Conflicts
Religious minorities at risk in Middle East: 'Death has become something banal'
Polish EPP member Andrzej Grzyb described the scale of the conflict in the Middle East as unimaginable: "The most important thing is to document the events on the ground to prove the scale of the crimes. Otherwise people will not be held accountable."Austrian S&D MEP Josef Weidenholzer brought up the detention of 200 Assyrian Christians in north-eastern Syria: "Do we really want to see this region of the world empty of Christians?"
British ECR MEP Charles Tannock warned: "There is a systematic agenda by extremist, Islamist, jihadi groups to have a Middle East and North Africa free of minorities."
Daniel Hoffmann, of Middle East Concern referred to the recent beheading of 21 Egyptian Copts in Libya: "Human rights violations against Christians and other communities did not start with these violent conflicts and will not cease with their ending or with a defeat of groups like Daesh."

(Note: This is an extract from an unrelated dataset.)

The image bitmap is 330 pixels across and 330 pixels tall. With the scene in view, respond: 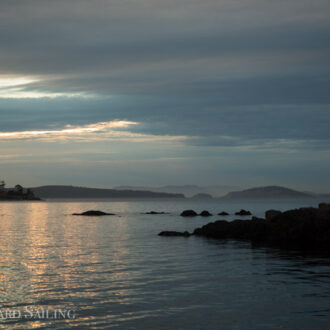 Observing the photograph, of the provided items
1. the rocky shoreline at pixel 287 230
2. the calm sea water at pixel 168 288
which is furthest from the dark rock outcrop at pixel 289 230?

William Spencer, representing the Institute for International Law and Human Rights, pointed out that the situation of Iraq's minorities was already precarious before IS started.
Alison Smith of the International Criminal Justice Program/No Peace Without Justice, said that crimes in northern Iraq have included the taking of hostages, summary executions, attacks against religious buildings, enslavement, forced conversion, torture and rape. She described the crimes committed by IS as "striking in their scope, brutality, systematic nature, and most of all in the brazenness in which they are carried out".
Esther Kattenberg, of Open Doors International, said: "It is of utmost importance that the EU continually condemns violations of human rights such as religious freedom.